Overall, some 200 000 people from developing countries went to the communist German Democratic Republic (GDR) for extra training and education purposes, as well as some 30 000 young people from Africa, Asia and Latin America who went there to study.
Difficult merger with the West
Repatriating pupils, students and trainees was an issue that was discussed at the "developmental round table" which formed just before German reunification.
The body was made up of representatives from both the West German development ministry (BMZ) and their East German counterparts. The goal was to merge both German states' development aid programs.
It was a fine line "not to simply cut off existing relationships", said Ulrich Popp, who participated on behalf of BMZ.
To facilitate repatriation in the home country, the round table's participants launched programs to start up businesses. They also granted loans that would help repatriates re-establish some form of economic base.

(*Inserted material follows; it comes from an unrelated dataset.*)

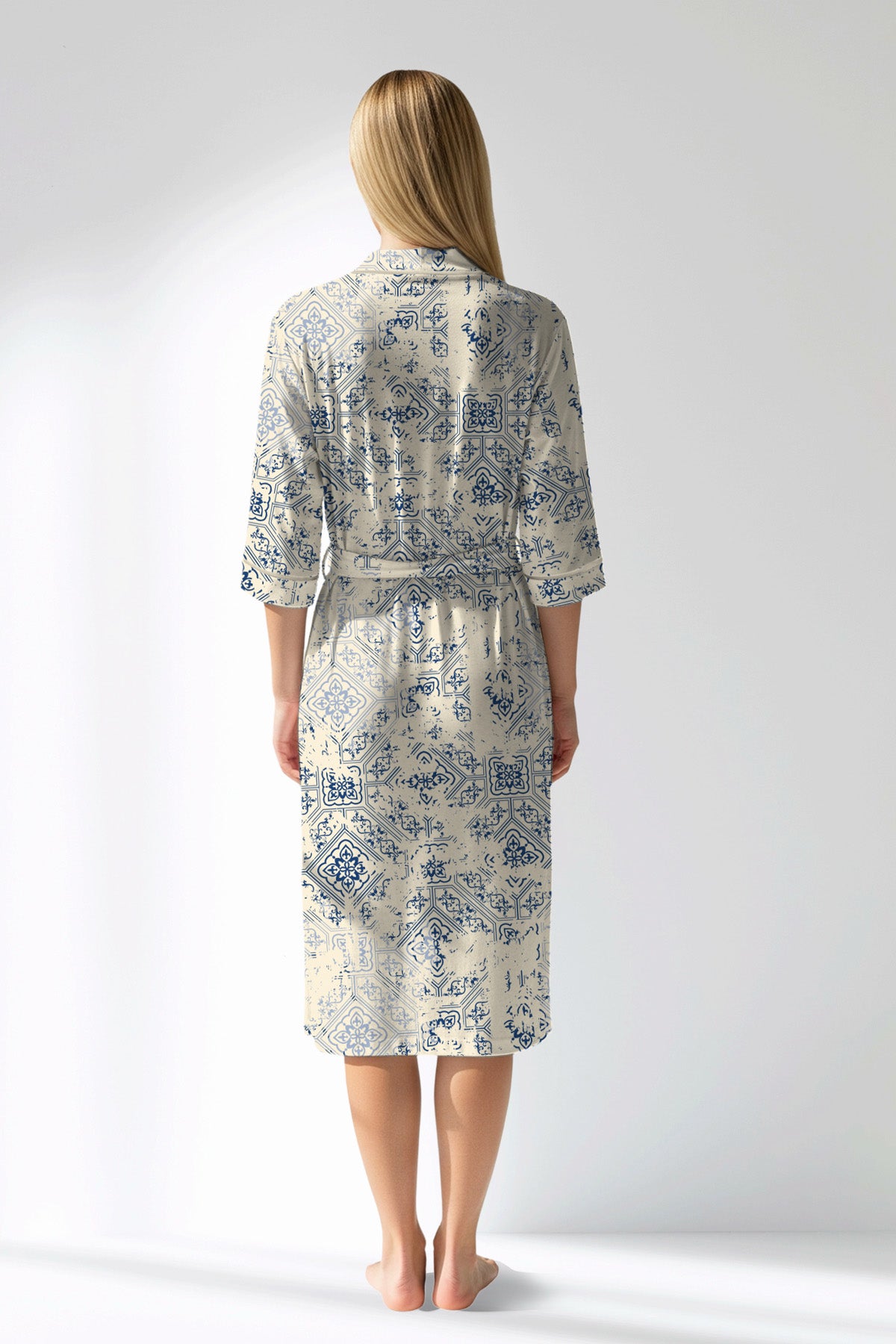 Woman Polyviscon Bluetile Dressing Gown - ROTASYON - Image 3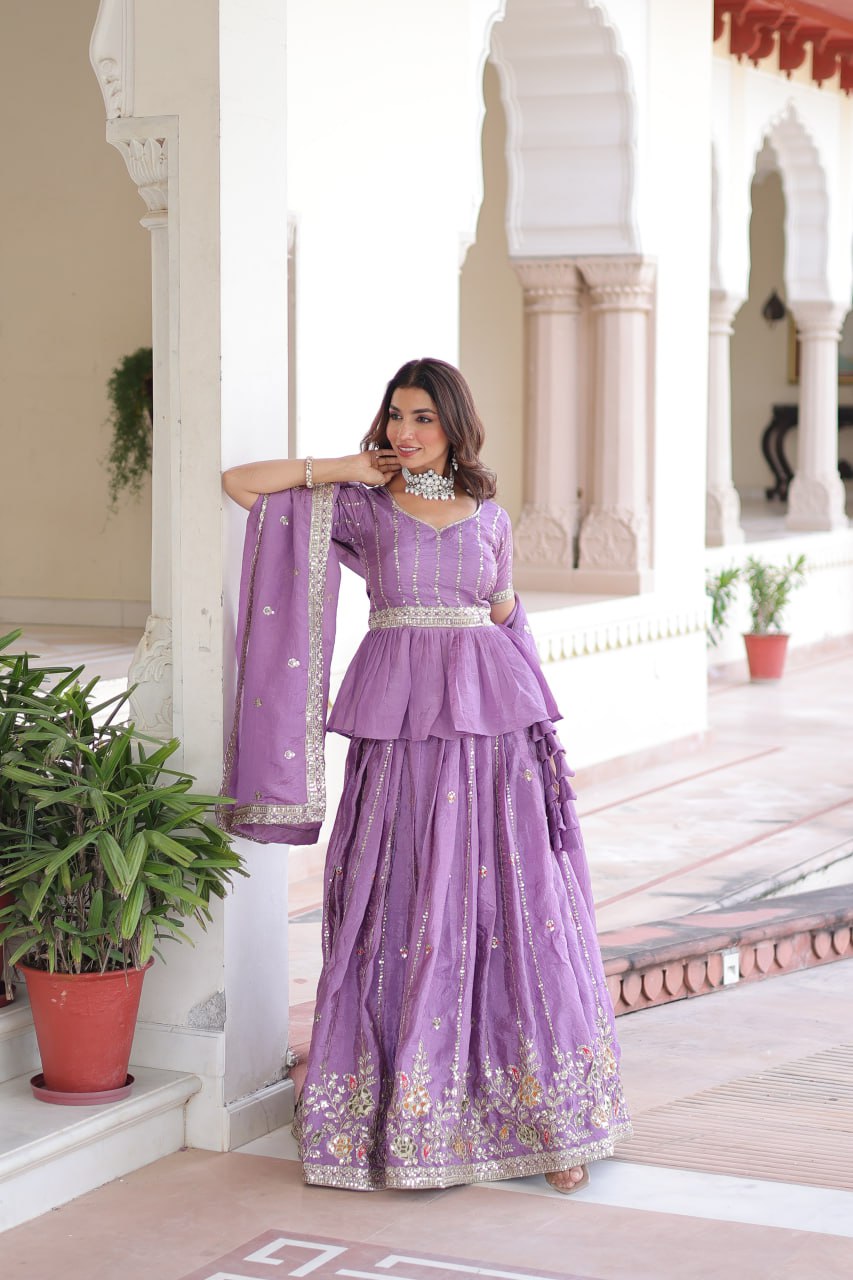 Lavender Gold Crush Multi-Thread Embroidered Lehenga Choli Set with Sequins, Peplum Blouse & Designer Lace Dupatta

The majority of the East’s collaborations were bilateral. There was no underlying development aid concept - East Germany simply reacted to interest voiced by other states or liberation organizations.
In contrast, West Germany's aid program, in its own words, tried to follow the principle of "helping people help themselves."

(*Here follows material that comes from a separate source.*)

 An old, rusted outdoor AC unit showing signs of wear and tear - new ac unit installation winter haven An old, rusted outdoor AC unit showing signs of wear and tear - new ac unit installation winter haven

Officially, East Germany was not helping countries develop – it was displaying "anti-imperialist solidarity".
There was no ministry for development in East Germany, as aid was not primarily about development, but influence and international solidarity.
Marx in Addis Ababa
East Germany was eager to win international recognition, so liberation-movement members from Latin America, Asia, the Middle East and Africa were welcome guests in East Berlin.
The first diplomatic representation of the Palestinian Liberation Organization PLO was opened there.
Yet the communist government also supported young states economically by helping them set up basic infrastructure.
Yemen received a power plant, while Egypt, Iraq and Syria were given cement factories. States were also granted loans, and cultural exchange was promoted via exhibitions, scholarships for artists and general visits.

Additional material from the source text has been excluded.